A ênfase na tecnologia é tamanha que o filme é inteiramente mostrado a partir da tela de computador do pai através de mensagens, videochamadas, e-mails e câmeras de vigilância de diferentes ambientes. Tal aposta do diretor Aneesh Chaganty poderia ter saído como um recurso preguiçoso e cansativo; no entanto, a escolha cai como uma luva e sua condução se mostra meticulosa e certeira, trazendo ao longa dinamismo e caracterizando-o com inovação.

Kim começa a incessante busca pela filha, vasculhando por sites comuns entre adolescentes, desde o famigerado Facebook até o alternativo Tumblr, a fim de descobrir mais sobre Margot. É aí que a ficha do cara caí: ele descobre que não só não faz ideia do que é Tumblr como não conhece a própria filha – seus amigos, lugares preferidos e dramas estão todos online e, ainda assim, ausentes na vida offline em família. Aberta uma investigação policial, segue um clichê bastante batido que é o do civil bancando o detetive enquanto a polícia falha pateticamente em achar pistas bastante óbvias sobre o caso.

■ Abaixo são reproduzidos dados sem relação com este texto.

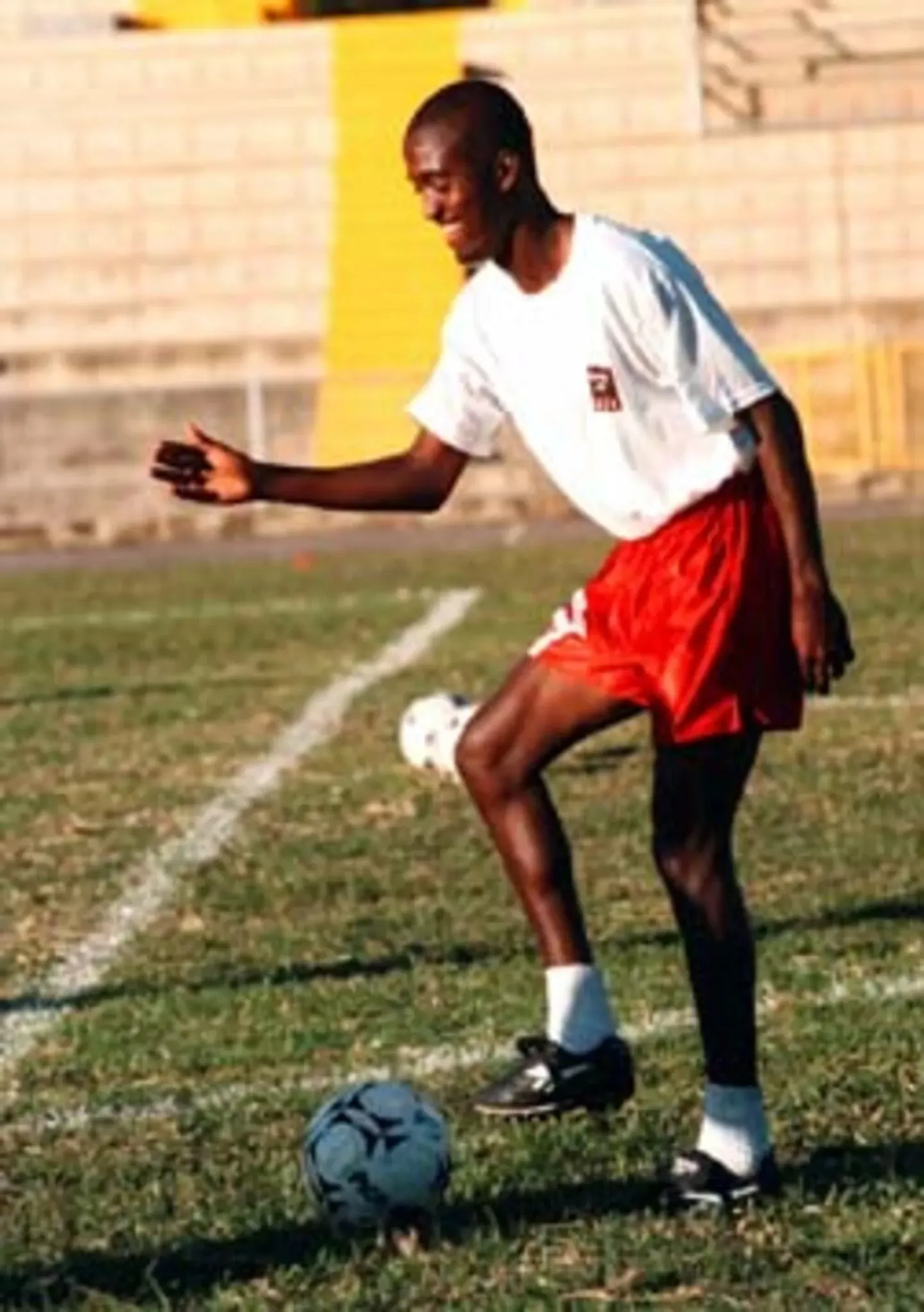 Lacey durante una prueba en Independiente de Avellaneda en 1997 (Afición Ramonense, Facebook).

Não fosse o ato final forçado e desnecessário, minha avaliação do filme seria maior. No entanto, devido a uma escorregada feia de roteiro – da qual lhes pouparei por motivos de spoiler -, trata-se de um bom filme – mas não excelente. Para além, ele conta com eficaz suspense, boas atuações e interessante reflexão sobre essa era de redes sociais toda em que as gerações sentem cada vez mais a necessidade de super-compartilhar suas vidas e, curiosamente, mantêm tudo num nível bastante superficial no fim das contas.

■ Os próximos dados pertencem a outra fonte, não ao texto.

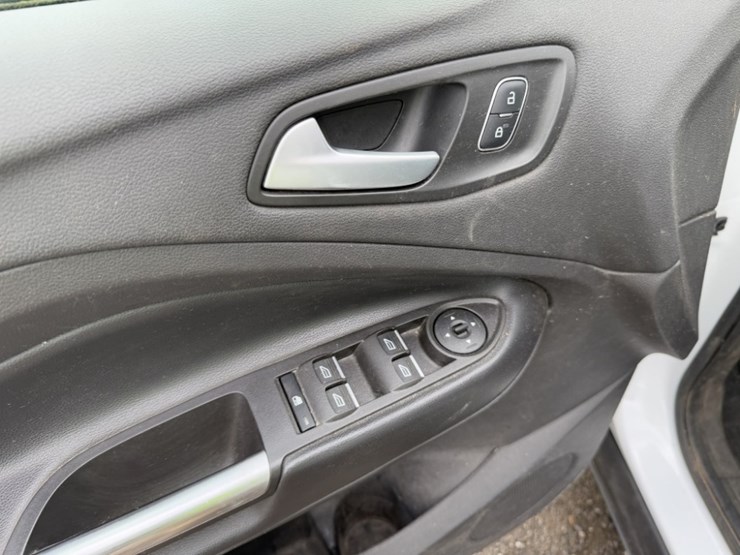 2019-ford-escape-se-image-25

Nesse sentido, repensamos junto com David sobre as relações que mantemos com o outro: será mesmo que o frequente contato virtual consolide o que chamamos de proximidade? Ou, na verdade, a profundidade dos laços se mistura com a banalidade e rapidez do envio de uma mensagem? Precisamos mesmo dessa constância toda e, se não, não é mais saudável desprender-se do virtual sempre que possível?